With us in spirit, if not actually in person

The new album by The Libertines, out next month, is extremely good. But it might need some lateral thinking by the record company's marketing department. The band's singer-guitarist Pete Doherty, last sighted at a rehab clinic in Thailand, will not be involved in initial touring and promotion. Clare Britt, head of marketing at Rough Trade records, tells Music Week that Doherty's difficulties have complicated the launch. She says: "It can be challenging, but many great artists are unpredictable. That's part of what makes them special."

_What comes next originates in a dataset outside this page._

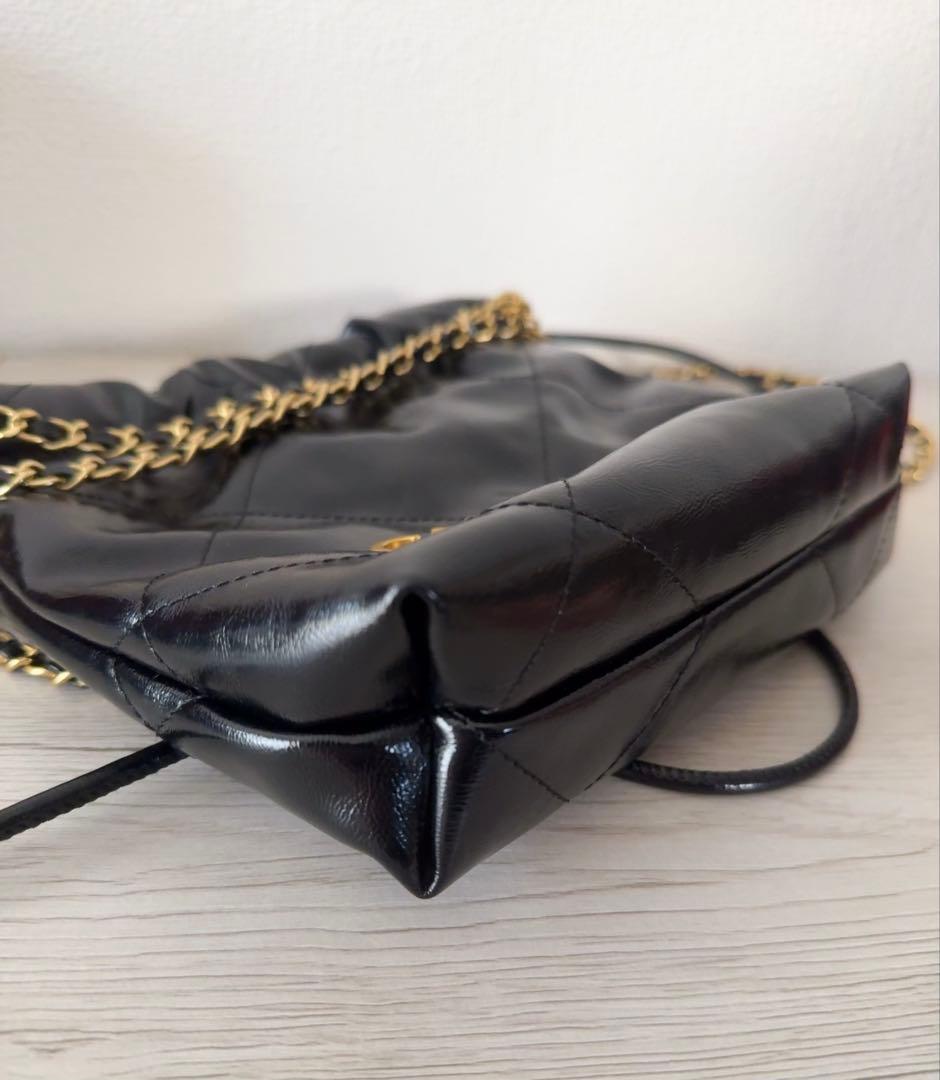 CHANEL ブラックレザー ノベルティ ショルダーバッグ 22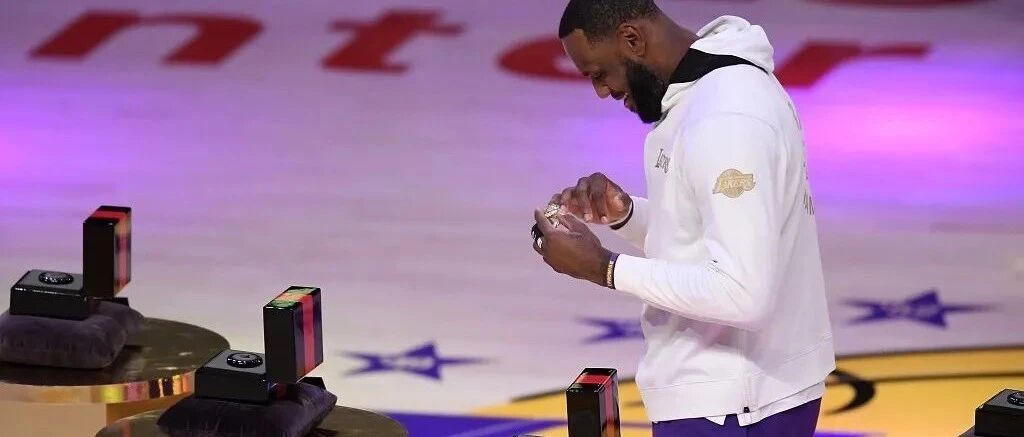 输了！詹姆斯最后8分钟，战略性放弃比赛！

Promoting an album without the services of one of the band's best-known members has a long tradition. EMI had to promote The Beatles' last album days after Paul McCartney announced he had left the group. The Manic Street Preachers' Richey Edwards famously disappeared before the launch of the group's much lauded Everything Must Go album.

Ms Britt couldn't be more wrong. The absence of an artist is usually intriguing enough to make PR a lot easier. That's what makes them special.

¿ An article in this paper on Thursday had a phrase which surprised me. It quoted Lord Byron calling the poet laureate Robert Southey a "son of a bitch".

I had always imagined that the phrase was born in America in the 20th century and was not common currency among British poets in the 19th. But, sure enough, a letter of Byron's did say of Southey: "The son of a bitch ... said I had 'formed a league of incest'... he lied like a rascal for they were not sisters."

Fascinating stuff. And it is comforting to see that there is a difference between the English and American usage of "son of a bitch". Only in English poetic circles could the phrase "son of a bitch" be trumped by the word "rascal".